A medida que vas creciendo en la vida cristiana, descubres que además de hacer de Cristo tu Salvador, es absolutamente imprescindible hacerlo tu Señor. Nunca vivirás la vida en toda su plenitud ni llegarás a sentirte totalmente realizado hasta que le hayas rendido completamente todo el control de tu vida a Jesús. De esto, precisamente, trata el siguiente relato.
MI CORAZÓN, EL LUGAR DONDE VIVE CRISTOPor Roberto Boyd MungerUna tarde invité a Cristo a entrar en mi corazón, ¡y qué entrada la suya!
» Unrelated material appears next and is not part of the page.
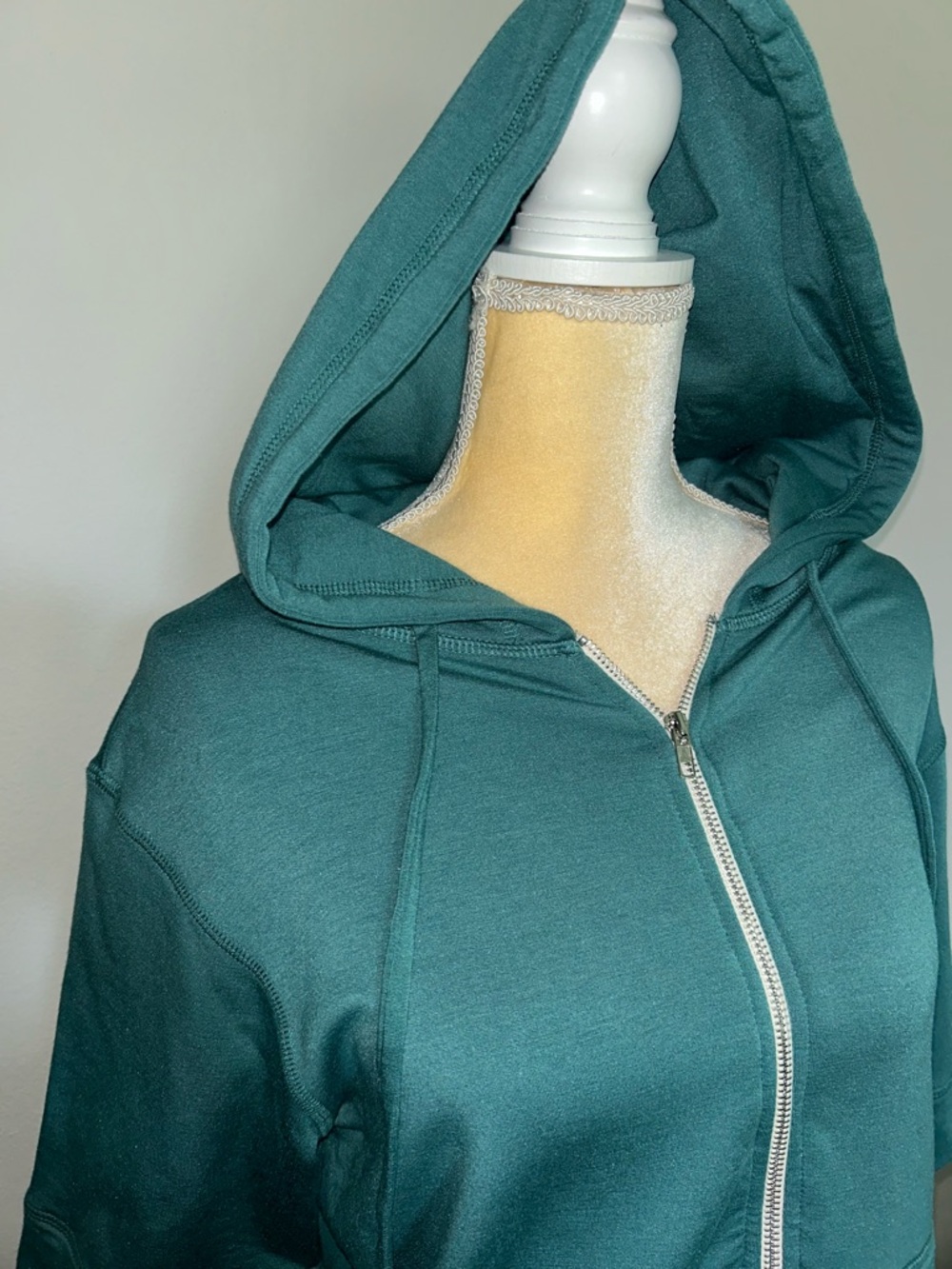 NWT 78&Sunny Short-Sleeve Zip Up Hoodie Deep Teal Sz XL - Picture 2 of 8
No fue algo emocional, simplemente, ni tuvo nada de espectacular, pero fue muy real. Algo ocurrió en el mismo centro de mi vida. Llegó a mi corazón, que estaba a oscuras, y encendió la luz. Encendió un fuego y el frío se fue. Puso música donde antes reinaba el silencio y con su compañía, tan amorosa e indescriptible, llenó el vacío. Jamás he lamentado haberle abierto la puerta a Cristo, y nunca lo lamentaré.
En la alegría especial de esta nueva relación, le dije a Jesús:
—Señor, quiero que mi corazón sea tuyo. Quiero que te instales aquí y que sientas que estás en tu casa. Todo lo que tengo te pertenece. Ven, quiero que conozcas mi casa.
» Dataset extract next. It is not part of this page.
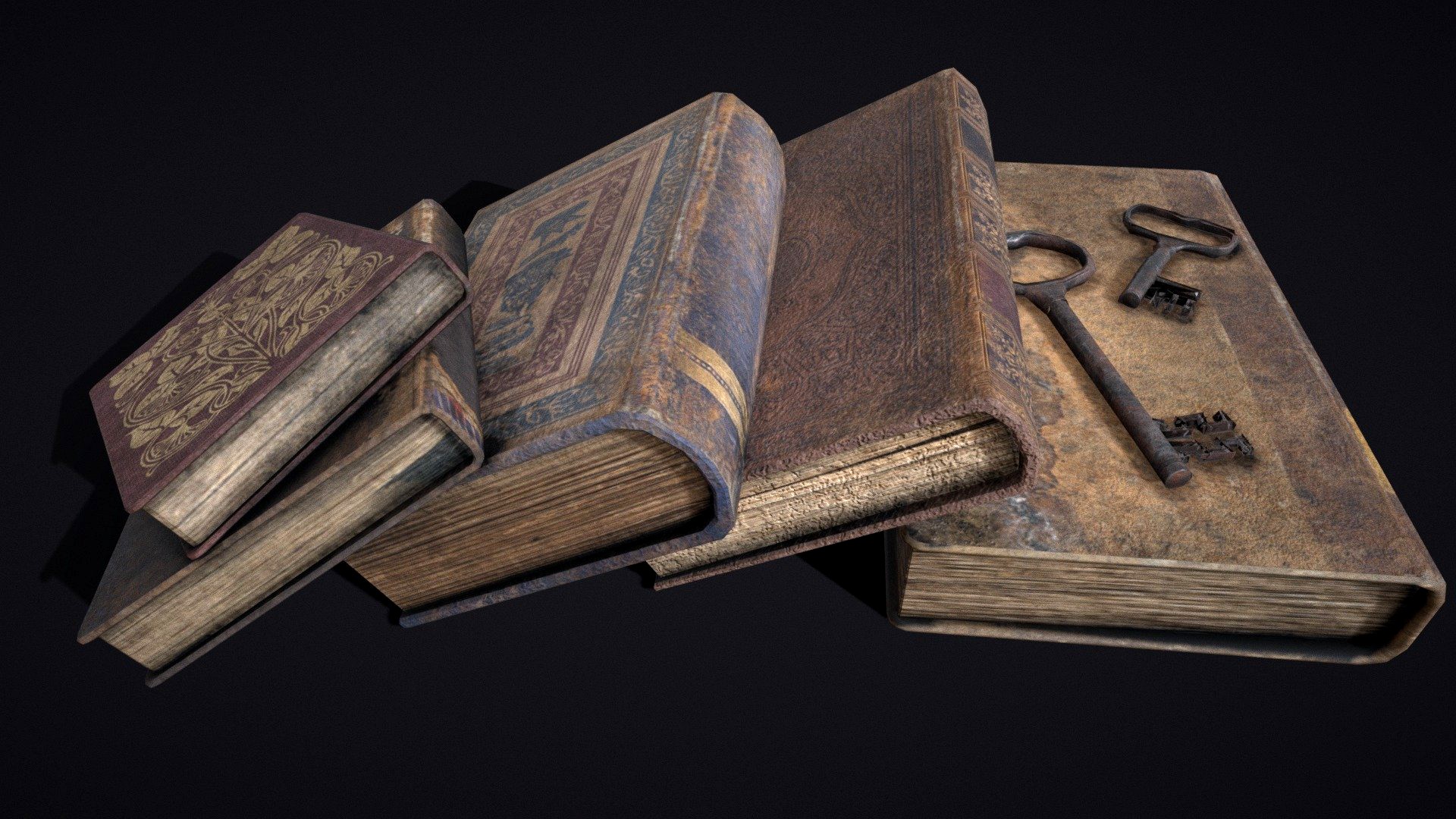 Medieval Bookstack and Keys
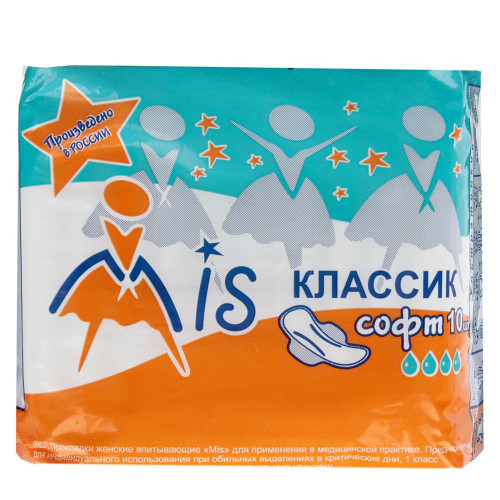 Прокладки гигиенические Mis классик софт, 4 капли, п/э, 10 шт MIS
La oficinaEl primer cuarto fue mi oficina, la biblioteca. En mi casa, esta habitación de la mente es muy pequeña, con paredes gruesas. Pero es una habitación muy importante. En cierto forma, es la sala de control de toda la casa. Entró conmigo y su mirada recorrió los libros de los estantes, las revistas sobre la mesa, los cuadros en las paredes… Mientras seguía su mirada empecé a sentirme un tanto incómodo.
Qué extraño… antes nunca había sentido nada, pero ahora que él lo miraba todo comencé a tomar conciencia. Había libros en las estanterías que esos ojos santos no podían contemplar. De las revistas que estaban sobre la mesa, había algunas que tenían que estar bien lejos de un creyente en Cristo. Y los cuadros… la inspiración para algunos de ellos y el pensamiento que representaban, honestamente, eran bochornosos.
Avergonzado, me volví a él y le dije:
—Maestro, yo sé que este lugar necesita ser limpiado y puesto en orden. ¿Me ayudarás a dejarlo como corresponde?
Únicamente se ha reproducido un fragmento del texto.